Argelinos vuelven a la calle, crece malestar hacia líderes

Un sinnúmero de argelinos manifestaron en las calles de la capital el viernes, pese a ser reprimidos con chorros de agua a presión en medio de un gran despliegue policial, e insistieron que su...

Un sinnúmero de argelinos manifestaron en las calles de la capital el viernes, pese a ser reprimidos con chorros de agua a presión en medio de un gran despliegue policial, e insistieron que su revolución no ha terminado solo porque el presidente ha dimitido.

La manifestación fue mayormente pacífica _como el movimiento de ocho semanas en general_ pero la tensión fue mayor que lo normal.

La policía resguardó los bulevares y revisó todos los vehículos que entraban a Argel. Los organizadores animaron a los argelinos a unirse a la manifestación en Argel y otras ciudades para mostrar que la dimisión del expresidente Abdelaziz Bouteflika no es suficiente, y que quieren un cambio político integral.

Al inicio de la manifestación hubo escaramuzas cerca del correo central, que se ha convertido en el símbolo del movimiento prodemocracia.

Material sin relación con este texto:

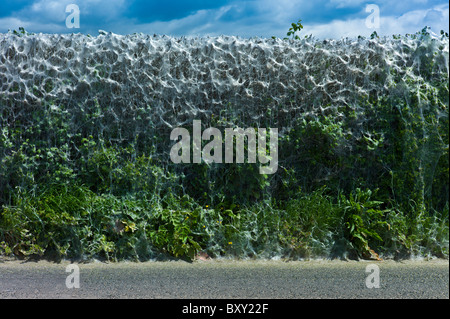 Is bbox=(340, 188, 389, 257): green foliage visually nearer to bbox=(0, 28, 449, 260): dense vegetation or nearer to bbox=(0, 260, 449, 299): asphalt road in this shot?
bbox=(0, 28, 449, 260): dense vegetation

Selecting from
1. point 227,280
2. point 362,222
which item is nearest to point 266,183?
point 362,222

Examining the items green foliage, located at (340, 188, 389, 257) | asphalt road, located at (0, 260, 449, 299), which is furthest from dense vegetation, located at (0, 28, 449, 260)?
asphalt road, located at (0, 260, 449, 299)

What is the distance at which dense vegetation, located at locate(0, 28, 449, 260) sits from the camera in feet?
20.2

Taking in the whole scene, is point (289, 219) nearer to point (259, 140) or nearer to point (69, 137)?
point (259, 140)

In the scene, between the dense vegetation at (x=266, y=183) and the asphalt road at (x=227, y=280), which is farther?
the dense vegetation at (x=266, y=183)

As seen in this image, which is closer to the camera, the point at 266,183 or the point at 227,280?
the point at 227,280

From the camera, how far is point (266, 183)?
6418mm

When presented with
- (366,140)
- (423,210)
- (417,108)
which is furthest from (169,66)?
(423,210)

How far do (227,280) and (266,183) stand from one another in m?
1.58

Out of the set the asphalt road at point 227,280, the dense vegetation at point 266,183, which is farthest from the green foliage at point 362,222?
the asphalt road at point 227,280

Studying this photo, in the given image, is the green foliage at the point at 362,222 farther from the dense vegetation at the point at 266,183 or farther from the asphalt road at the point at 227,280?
the asphalt road at the point at 227,280

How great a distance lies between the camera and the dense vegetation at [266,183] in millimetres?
6172

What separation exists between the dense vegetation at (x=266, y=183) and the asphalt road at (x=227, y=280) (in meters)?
0.29

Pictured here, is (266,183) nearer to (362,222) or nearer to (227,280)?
(362,222)
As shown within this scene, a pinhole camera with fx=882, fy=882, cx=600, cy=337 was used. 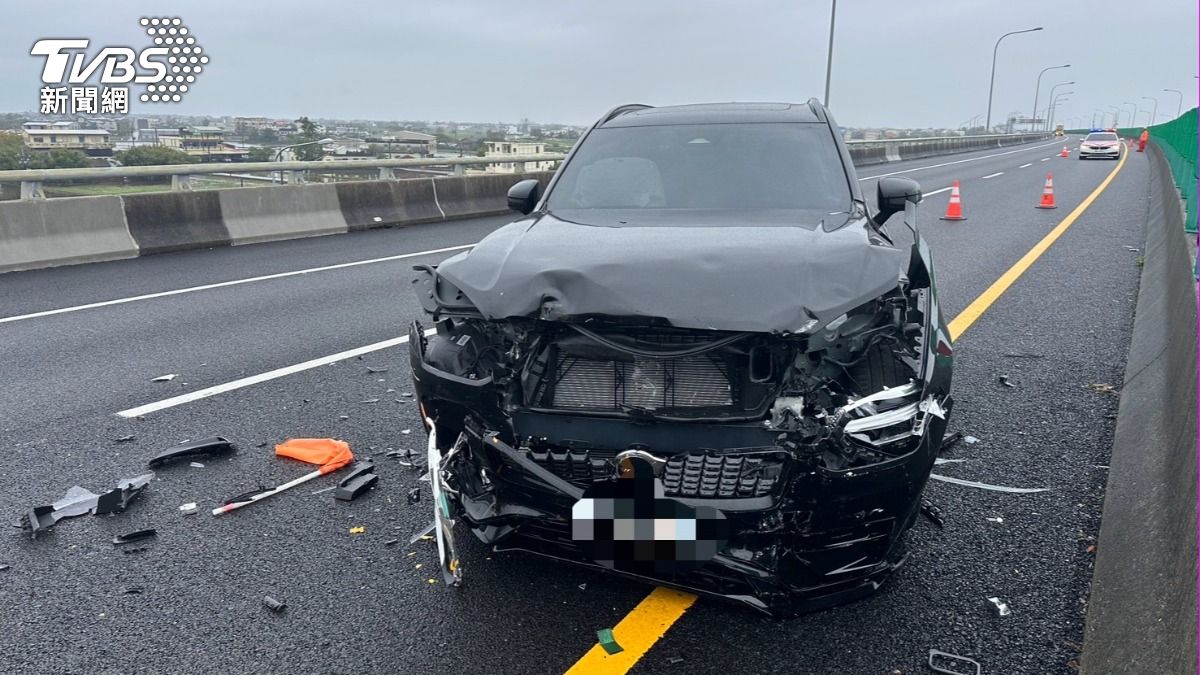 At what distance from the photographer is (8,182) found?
34.5 ft

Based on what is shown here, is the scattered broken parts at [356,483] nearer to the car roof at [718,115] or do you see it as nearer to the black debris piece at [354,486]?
the black debris piece at [354,486]

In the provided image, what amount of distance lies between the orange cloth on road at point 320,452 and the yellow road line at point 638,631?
194 centimetres

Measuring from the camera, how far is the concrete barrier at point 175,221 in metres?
11.7

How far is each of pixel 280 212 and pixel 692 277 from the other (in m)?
11.7

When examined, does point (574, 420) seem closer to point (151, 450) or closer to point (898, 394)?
point (898, 394)

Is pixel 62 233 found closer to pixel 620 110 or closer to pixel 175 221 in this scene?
pixel 175 221

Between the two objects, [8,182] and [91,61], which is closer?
[8,182]

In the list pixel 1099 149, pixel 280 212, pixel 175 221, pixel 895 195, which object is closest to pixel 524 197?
pixel 895 195

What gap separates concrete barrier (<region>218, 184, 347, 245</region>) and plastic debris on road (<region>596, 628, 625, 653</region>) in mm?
11227

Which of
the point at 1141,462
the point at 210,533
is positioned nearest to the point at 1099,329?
the point at 1141,462

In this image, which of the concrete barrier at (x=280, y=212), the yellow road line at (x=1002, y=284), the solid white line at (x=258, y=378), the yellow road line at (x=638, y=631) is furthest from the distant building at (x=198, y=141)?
the yellow road line at (x=638, y=631)

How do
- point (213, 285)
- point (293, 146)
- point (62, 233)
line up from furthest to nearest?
1. point (293, 146)
2. point (62, 233)
3. point (213, 285)

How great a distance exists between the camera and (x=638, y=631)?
3021 millimetres

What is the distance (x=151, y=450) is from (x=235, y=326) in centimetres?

Policías antimotines formados en filas comenzaron a retroceder del área, bajaron la guardia desprotegiéndose el rostro y guardaron sus porras, aparentemente para distender la situación. La muchedumbre estalló en aplausos mientras las camionetas van policiales se retiraban, gritando, "¡La policía con el pueblo!"

Luego, sin embargo, reporteros de The Associated Press vieron que la policía reprimió con chorros de agua a presión a manifestantes que iban rumbo al correo central. No quedó claro qué causó esta medida.

La calle estaba llena de manifestantes que ondeaban banderas argelinas. Los manifestantes gritaron, "¡Autoridades - Asesinos!" y rodearon un camión hidrante, y algunos de ellos aparentemente golpearon el vehículo.

La mayoría de la ira estaba dirigida hacia Abdelkader Bensalah, quien esta semana fue nombrado presidente interino y anunció que las elecciones serían el 4 de julio.

La gente también parecía enojarse cada vez más con el jefe del ejército, el general Ahmed Gaid Salah, pieza instrumental en la dimisión de Bouteflika que luego respaldó a Bensalah, considerado parte del antiguo régimen.